Operated by: Friends of Chieftains, Inc.
Facebook page: www.facebook.com/chieftainsmuseum
NOTE: The massive Ridge Ferry Park is just 0.60 mile south of the Chieftains Museum. With lots of big shade trees, it’s a good place to access the riverside trail system. The 60-acre park also features a multi-purpose pavilion, a large concert stage, fishing and river access, picnic shelters, playgrounds, restroom facilities, two sand volleyball courts, wetlands demonstration area, an ADA accessible tree house, a dog park, and the Rome/Floyd E.C.O. River Education Center and Pollinator Garden. See the Rome Parks and Recreation website.
FUN FACT: Ridge started using the name “Major” after General Andrew Jackson honored him with that rank following the 1814 Battle of Horseshoe Bend.
Upper Avenue A Historic District
Featuring houses built between the 1880s and the 1920s, the Upper Avenue A Historic District appears almost exactly as it would have appeared 100 years ago. The older houses were part of the village of DeSoto which was annexed by Rome in 1885.
It’s on the west bank of the Oostanaula and only about six blocks from the historic downtown. A good number of the houses are large, two-story structures with some noticeable late-Victorian styling.
Here are some of the visual highlights:
The Upper Avenue A Historic District was listed with the National Register of Historic Places in 1983. Traffic is very light in the district and there are sidewalks throughout, so a sidewalk or bicycle tour is safe and easy.

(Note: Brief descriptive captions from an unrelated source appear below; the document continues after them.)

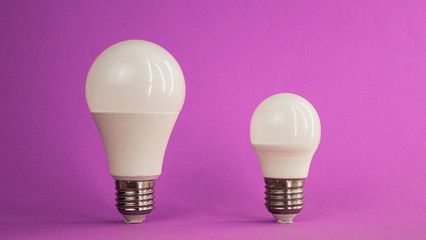 two light bulbs of different sizes stand on a purple background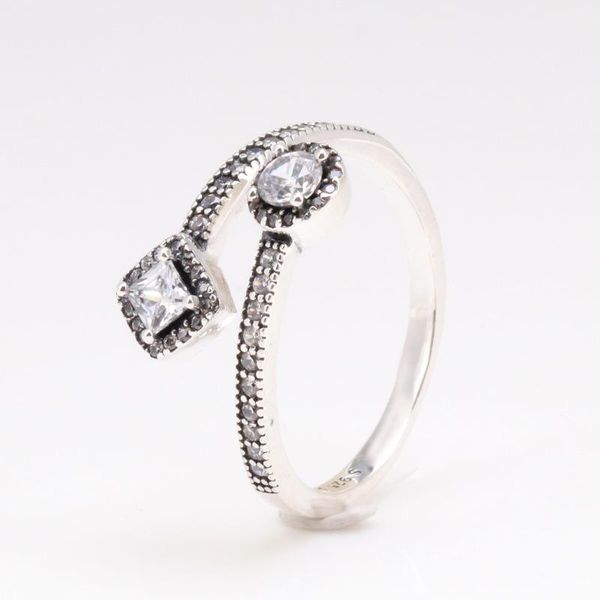 

cluster rings 100% 925 sterling silver pan ring glittering square open button elegant for women wedding party gift fashion jewelry, Golden;silver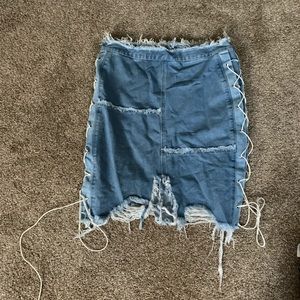 Fashion nova jean skirt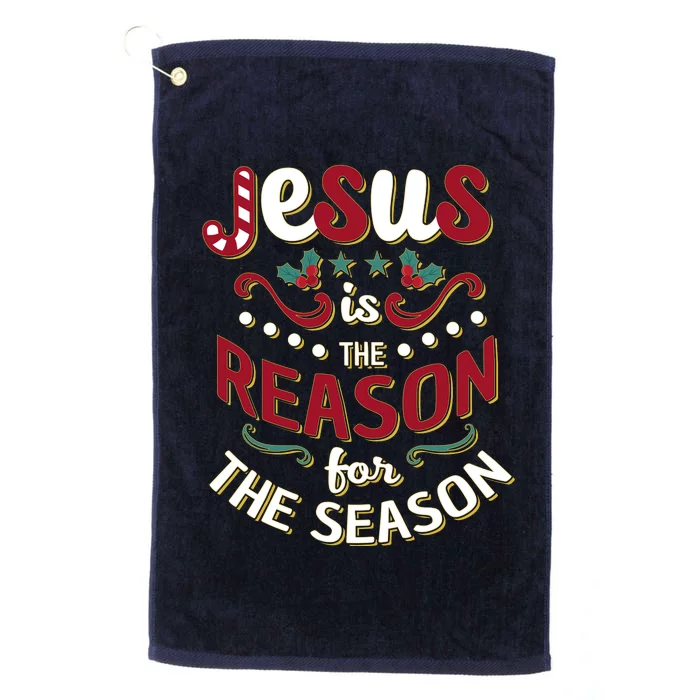 Festive Jesus Is The Reason For The Season Platinum Collection Golf Towel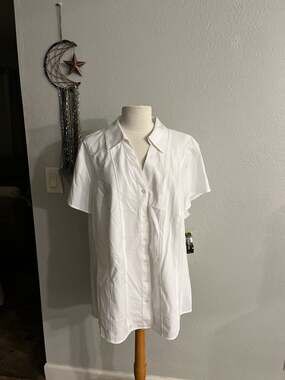 Style & Co. Woman White Short Sleeve Button Down Stretch Shirt Size 3X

East Rome Historic District
Across the Etowah River from downtown, the East Rome Historic District features a few of the grandest houses in the city along with a large number of plain craftsman- and bungalow-style small houses. The large Rome-Floyd County YMCA is in the center of the district but is not a contributing structure in regard to the National Register listing.
A good area for a sidewalk tour, the district’s boundaries represent what was incorporated in 1883 as the Town of East Rome. That town was annexed by Rome in 1906.
Most people would consider Claremont, the 7,100 sq. ft. c. 1882 house built for the Colonel Hamilton Yancey family at the corner of East 2nd Avenue and East 10th Street, to be the most interesting house in the East Rome Historic District. It’s shown at the top of this page and also in the gallery below, and was operated as a bed and breakfast called The Claremont House for many years. The large house next door is also quite striking. It appears to be from the 1910s to 1930s era.
At one time, a railroad depot was located in the district but it no longer stands. It burned down in the late 1960s.
Click here to see the district’s 1985 National Register application.
The Dr. Robert Battey House is almost 170 years old
This property is within the boundaries of the East Rome Historic District at the corner of East 2nd Avenue and East 8th Street S.W. Built in 1851 and moved to its current location in 1974 to avoid demolition, this large cottage was individually listed with the National Registry of Historic Places in 1977. See the National Register application: https://catalog.archives.gov/id/93207974.
Dr. Battey was a pioneer in the field of gynecology and was the first physician to perform oophorectomies.
The house is currently used as a Farm Bureau office. Map.
South Broad Street Historic District
As you cross the small old bridge that spans the Etowah River on the east end of Broad Street, you will be less than two blocks from this district. Located directly south of the historic Myrtle Hill Cemetery, the South Broad Street Historic District also features a few very interesting large two-story houses that were built in the 1880s to 1910s ranges and several plain craftsman- and bungalow style one-story houses.
As is the case with the Upper Avenue A and East Rome historic districts shown above, it was also formerly part of a separate town that was annexed into Rome.